Tuesday, January 1, 2013

Deer Hunting T-Shirts Are Upsetting The Locals

By Tommy Bendis


When you grow up in the deep south, there are some fundamental things that you get accustomed to seeing. It's no big deal to see a jacked-up, 4X4 truck covered in dried mud cruising through town. It really doesn't raise too many eyebrows when you see someone wearing a gun openly on their hip. When hunting season hits, you can bet your socks that there are going to be guys wearing deer hunting t-shirts with truck-beds full of dead deer.

When you grow up in the south, you get used to seeing stuff like that. Nearly everyone I know wears deer hunting t-shirts at least once a week. I loved living in Tennessee, and I wish I never had to move out here to crazy land. When you get a great job offer and have a family that's counting on you, then sometimes you have to just pack up your life and take it out to California to teach those city boys how you properly work an oil field.

It's not my accent or my general style of walking and talking that turns people off out here in California. Just look at how well Matthew McConaughey has done with it. The atmosphere is super diverse out here, and as long as you're willing to let go of your roots you can completely phase into the society. What they will not accept, though, is the idea of a hunter. Animal activists run everything out here, and don't make the mistake of being caught out in public wearing deer hunting t-shirts.

California prides itself on its accepting nature. Unlike most of my kin back home, I have absolutely no problem with the gays. Do whatever you need to do to be happy, buddy. Liberals are okay people too if you give them a chance to talk about something other than politics. I think that I can be just as accepting as any of these other folks out here, so how is it they can't bring themselves to accept me? I used to wear deer hunting t-shirts 6 days a week back home, but if I wear them for one minute outside of my home I get told that I'm a murderer by some animal rights blowhard.

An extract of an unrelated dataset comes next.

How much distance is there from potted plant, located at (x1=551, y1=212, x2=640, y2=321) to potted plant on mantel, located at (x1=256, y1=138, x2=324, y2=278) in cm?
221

I can't get done with this God-awful work contract fast enough. Once I get done, me and my family are going to ditch this Beverly Hillbillies routine and move back home. Hopefully, this contract will have helped us pay for a home out of pocket, which will be amazing. I'll be able to wear whatever deer hunting t-shirts I please, and no one is going to get mad at me. Well, my wife got used to me wearing polo shirts, so she may get a little mad...but I think we'll be just fine back in the south where we belong.